WHAT YOU SHOULD DO: Word for word, copy the lines from the one with "Blue School timetable" to the last line of the data below, counting both, and keep every picture out.

SUPPLIED RECORDS below:

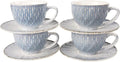 Coffee Mugs Set, 6.8 oz, Ceramic Tea Cup with saucer, Espresso Cups 8-piece, Stackable Cups, for Latte,Hot Tea,Cappuccino, Mocha, Cocoa, dishwasher & microwave safe, Azure blue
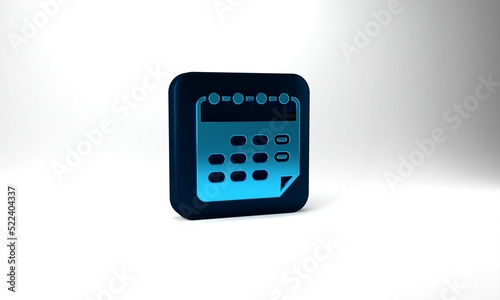 Blue School timetable icon isolated on grey background. Blue square button. 3d illustration 3D render
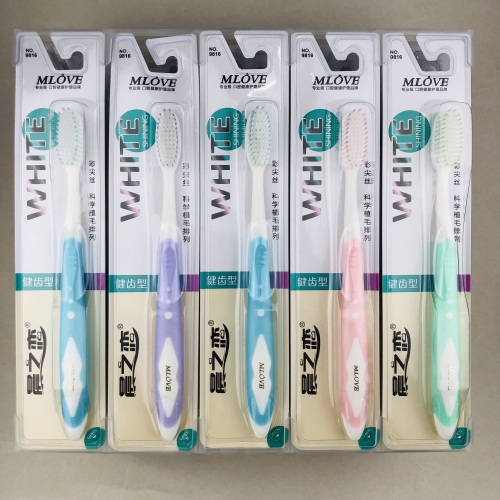 toothbrush wholesale morning love 9816 color sharp silk healthy tooth type adult soft-bristle toothbrush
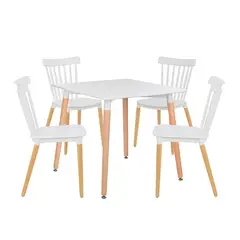 KLIK - Comedor Mesa Eames Cuadrada Blanca + 4 Sillas Windsor Blancas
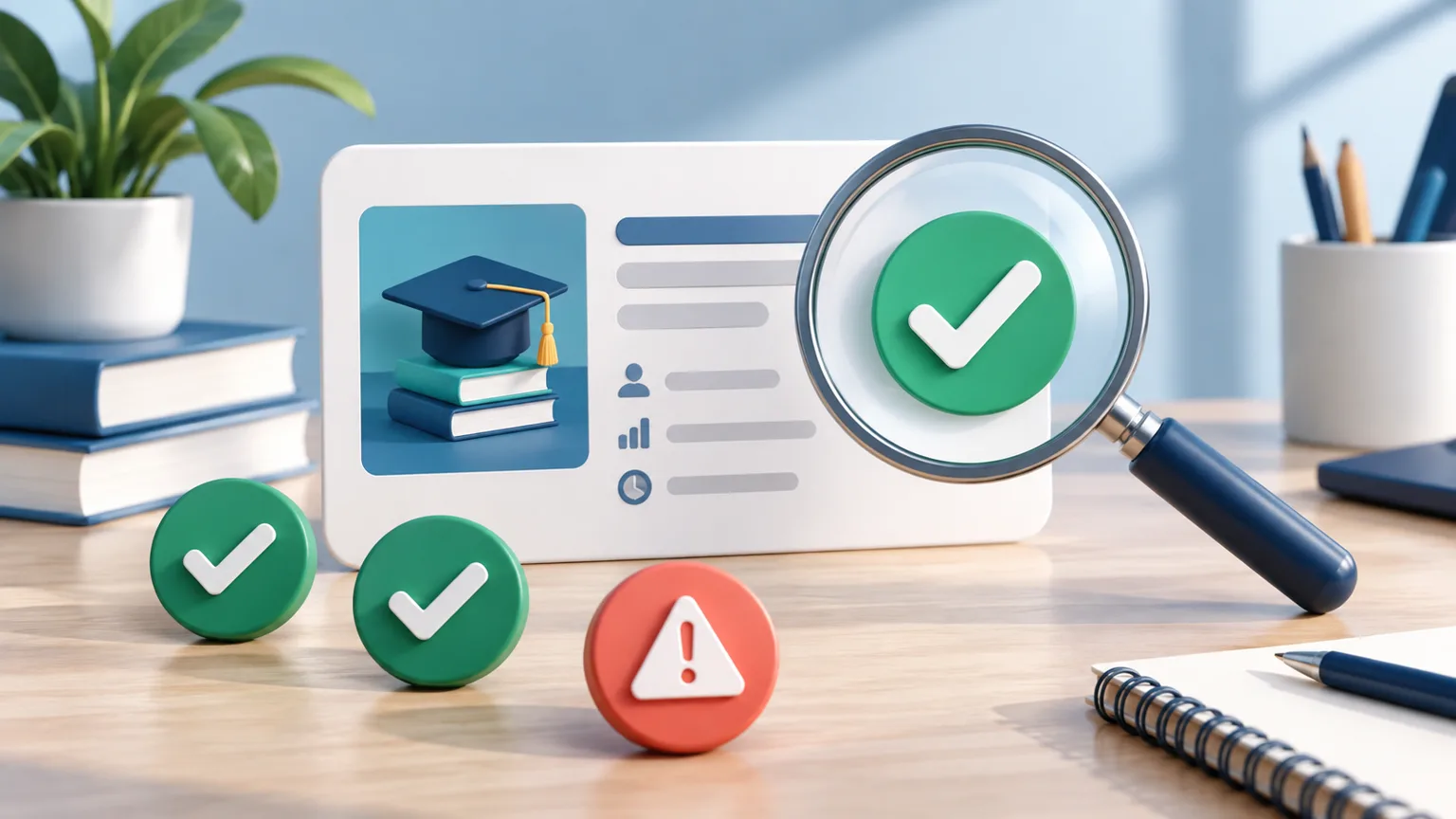 Lupa y señales de verificación para comprobar un curso subvencionado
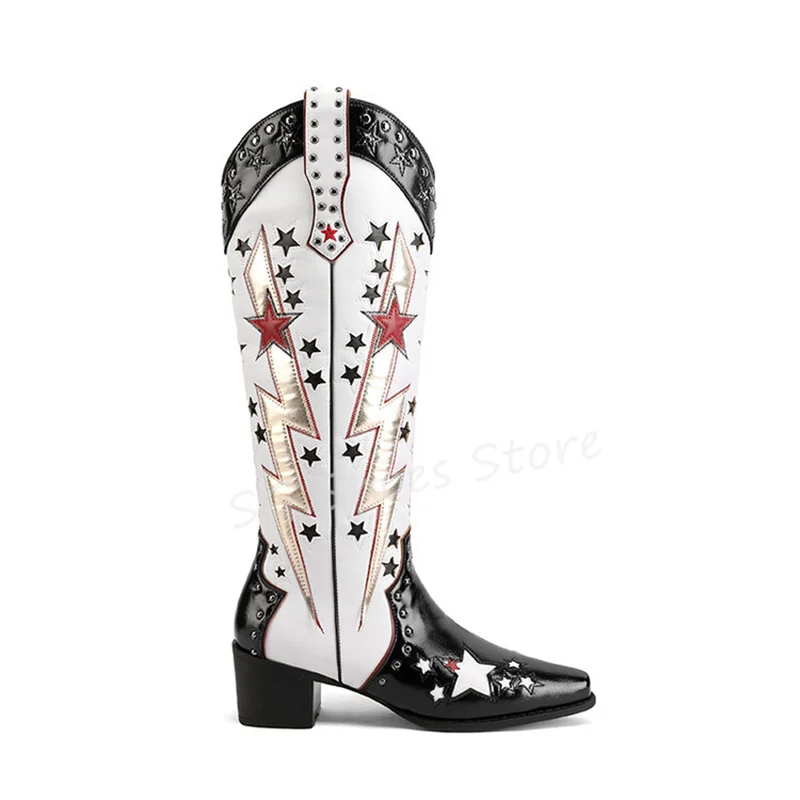 Женские ажурные ботинки со звездными заклепками Разноцветные длинные на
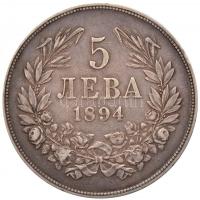 Bulgária 1894KB 5L Ag "I. Ferdinánd" Körmöcbánya (24,83g) T:2 kis ph.
/ Bulgaria 1894KB 5...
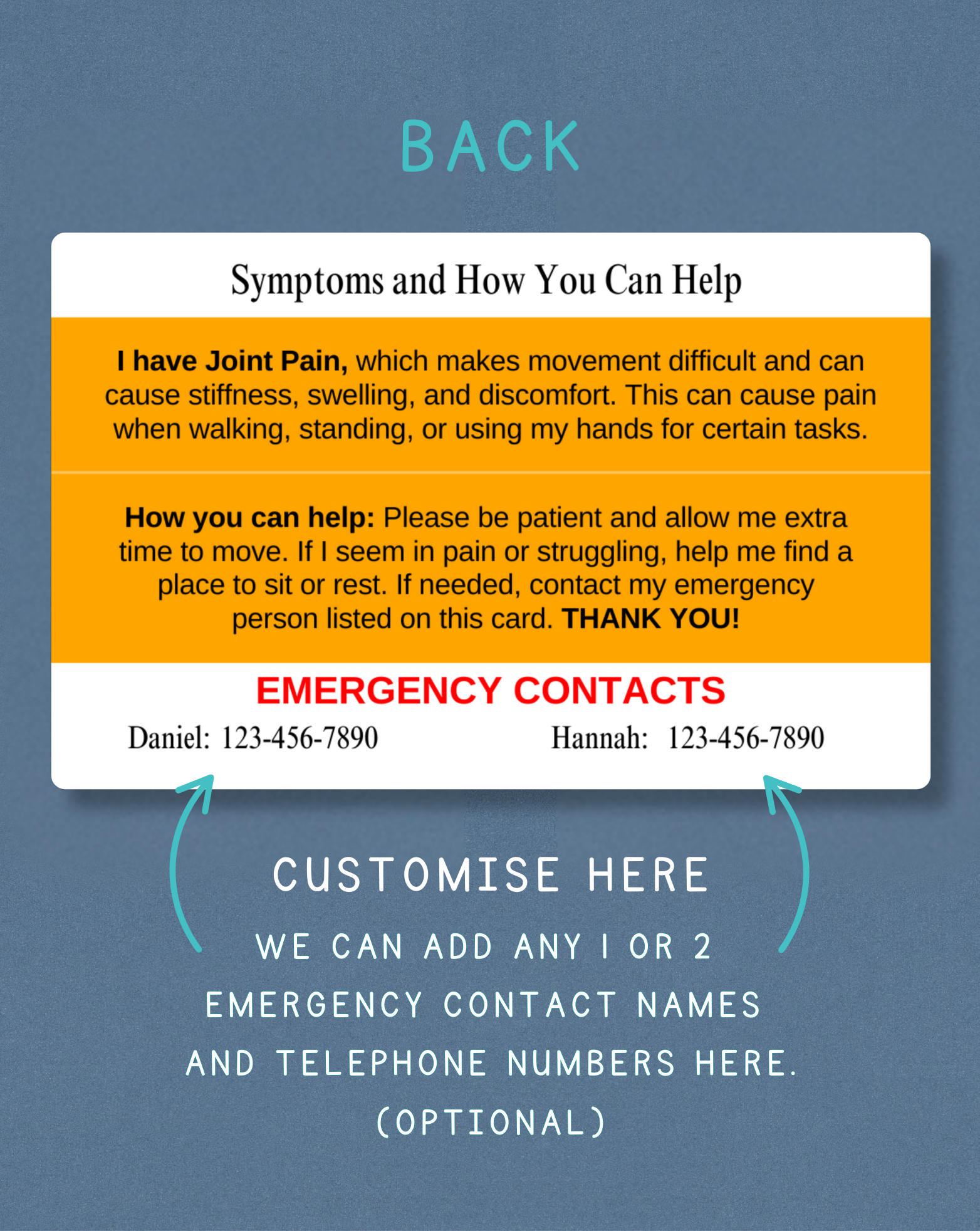 Joint Pain Medical Alert Card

End of SUPPLIED RECORDS.

SOLUTION FOR THIS EXERCISE:
 Blue School timetable icon isolated on grey background. Blue square button. 3d illustration 3D render
 toothbrush wholesale morning love 9816 color sharp silk healthy tooth type adult soft-bristle toothbrush
 KLIK - Comedor Mesa Eames Cuadrada Blanca + 4 Sillas Windsor Blancas
 Lupa y señales de verificación para comprobar un curso subvencionado
 Женские ажурные ботинки со звездными заклепками Разноцветные длинные на
 Bulgária 1894KB 5L Ag "I. Ferdinánd" Körmöcbánya (24,83g) T:2 kis ph.
/ Bulgaria 1894KB 5...
 Joint Pain Medical Alert Card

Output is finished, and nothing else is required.